ネタバレが含まれています。未読の人はご注意ください。
書籍紹介
概要
この書籍は、楳図かずおの短編作品が収録されています。『イアラ短編シリーズ』というタイトルですが、『イアラ』の短編連作は収録されていません。
『イアラ』に収録された作品は、大まかに、二つに分類されます。(中略)本来なら『楳図かずお短編集』と『イアラ』に別れるべきですが、とりあえず『イアラ』と題してまとめることになりました。
ーー楳図かずお
引用元:イアラ(1)異色短編傑作選233ページより
とりあえずで、まとめられた名前が何十年もそのまま使われているようです(笑)。
収録されている作品は、読み切りの短編ですので、どの巻から買っても問題はありません。
収録タイトル
1巻・愛の奇蹟
- ねじれた空間
- 愛の奇蹟
- 雪の人
- 烈願鬼
- 洞
- きずな
- Smile
2巻・ドアのむこう
- 傷
- ほくろ
- 耳
- ドアのむこう
- 砂
- 衣
- 螺旋階段
- 夏の終わり
- 目
- こがらし
3巻・内なる仮面
- 一つの石
- 宿
- 蟲たちの家
- くさり
- 南へ
- 指輪
- 内なる仮面
- 森の唄
- いろ
- ロウソク
- 波打ち際の女
作品紹介
あらすじ
愛の奇蹟
幸せな若い夫婦がいました。ある日、夫は登山に出かけましたが、山で滑落し、帰らぬ人となりました。しかし、妻は夫が戻ってくると信じ、長い間待ち続けました。
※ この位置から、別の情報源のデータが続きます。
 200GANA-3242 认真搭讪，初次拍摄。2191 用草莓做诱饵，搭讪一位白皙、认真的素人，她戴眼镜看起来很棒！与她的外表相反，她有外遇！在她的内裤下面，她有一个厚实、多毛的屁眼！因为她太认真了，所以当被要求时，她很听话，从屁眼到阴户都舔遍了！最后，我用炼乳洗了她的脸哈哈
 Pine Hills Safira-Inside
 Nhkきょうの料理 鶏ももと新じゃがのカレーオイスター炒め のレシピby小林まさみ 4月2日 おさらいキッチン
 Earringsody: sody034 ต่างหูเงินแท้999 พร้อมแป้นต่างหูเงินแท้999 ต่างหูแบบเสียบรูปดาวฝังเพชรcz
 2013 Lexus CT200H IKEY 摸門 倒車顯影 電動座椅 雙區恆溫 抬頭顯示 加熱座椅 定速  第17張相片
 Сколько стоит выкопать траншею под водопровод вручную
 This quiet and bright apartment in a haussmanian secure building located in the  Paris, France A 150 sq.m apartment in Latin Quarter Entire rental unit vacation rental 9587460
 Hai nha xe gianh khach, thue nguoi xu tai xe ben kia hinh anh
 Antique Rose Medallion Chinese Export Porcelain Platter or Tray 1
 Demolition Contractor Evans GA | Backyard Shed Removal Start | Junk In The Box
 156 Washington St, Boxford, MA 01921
そんなある日、山の雪の中から夫の凍った遺体が見つかります。驚くことに、夫は息を吹き返しますが記憶を失っていました。「帰らなくては」という思いだけで家にたどり着きます。
ドアのむこう
狂おしいほどに夫を愛する妻は夫に強い猜疑心を抱いていました。ある日、妻はついに夫を尾行することを決意しました。会社帰りの夫を尾行すると、夫は見知らぬ家に向かいました。妻はその家の前で夫を背後から刺してしまいます。
しかし、翌朝、刺し殺したはずの夫は生きていました。その後、妻は心臓の病にかかり、嫉妬心も嘘のように消えていきました。病を機に、夫婦は新しい家へと移り住みました。
時が過ぎ、妻は満ち足りた生活を送っていたある日、夫の帰宅を待つ妻が突然激しい心臓の発作に襲われます。その瞬間、妻は真実に気づいたのです。
蟲たちの家
男は不倫相手の羽奈子に、自分が既婚者であることを打ち明けました。その告白に驚いた羽奈子に男はさらに「妻は、今はもう人間ではない」と告白しました。彼は、妻に会わせるため羽奈子を自宅へと案内しました。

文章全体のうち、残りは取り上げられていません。